**** MATERIAL FOR THE TASK ****

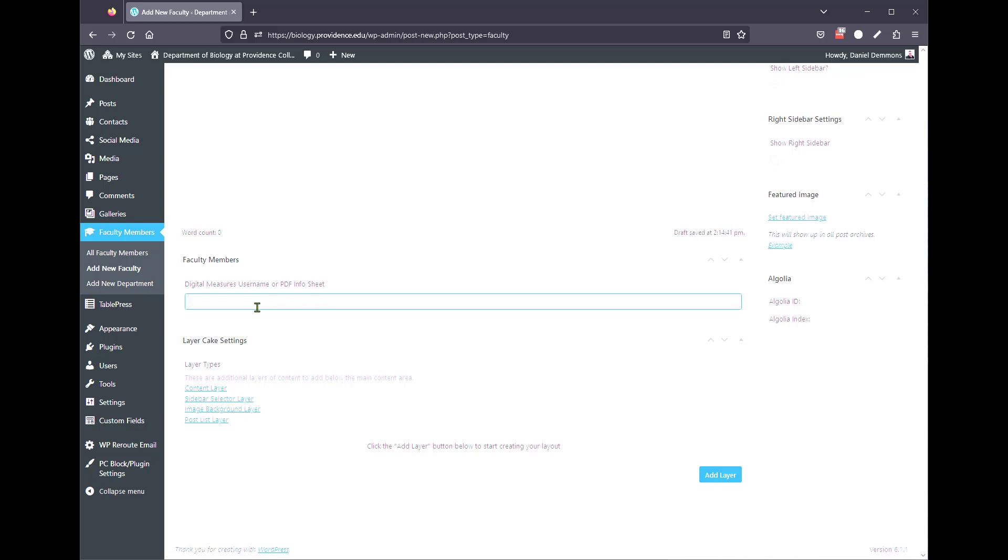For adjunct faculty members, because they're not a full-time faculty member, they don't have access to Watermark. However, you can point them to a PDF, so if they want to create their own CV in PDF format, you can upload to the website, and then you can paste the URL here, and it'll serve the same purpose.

****
**** MATERIAL FOR THE TASK ****

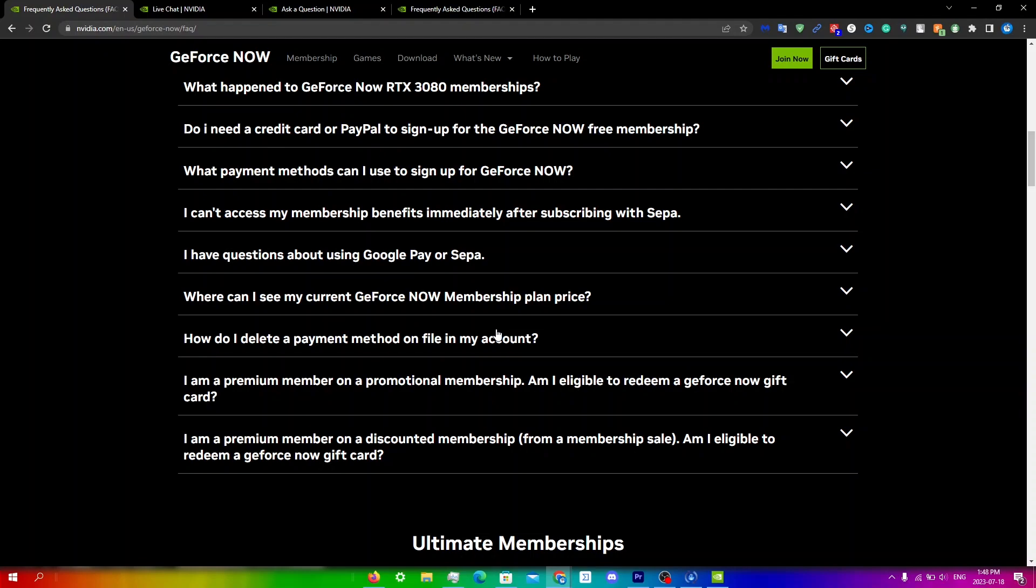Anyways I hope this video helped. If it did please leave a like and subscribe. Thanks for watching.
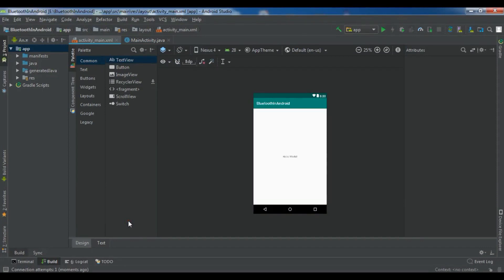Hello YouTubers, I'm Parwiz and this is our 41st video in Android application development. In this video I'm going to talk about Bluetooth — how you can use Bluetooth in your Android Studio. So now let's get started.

****
**** MATERIAL FOR THE TASK ****

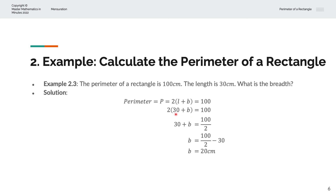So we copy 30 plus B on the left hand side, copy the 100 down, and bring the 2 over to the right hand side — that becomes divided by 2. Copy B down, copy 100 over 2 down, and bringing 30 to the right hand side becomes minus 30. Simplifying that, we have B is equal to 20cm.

****

* REQUIRED ACTION *
Only the lines above from the one containing "Anyways I hope" through the one containing "Hello YouTubers, I'm" should be returned, verbatim and inclusive, with pictures excluded.

* RESULT BELOW *
Anyways I hope this video helped. If it did please leave a like and subscribe. Thanks for watching.
Hello YouTubers, I'm Parwiz and this is our 41st video in Android application development. In this video I'm going to talk about Bluetooth — how you can use Bluetooth in your Android Studio. So now let's get started.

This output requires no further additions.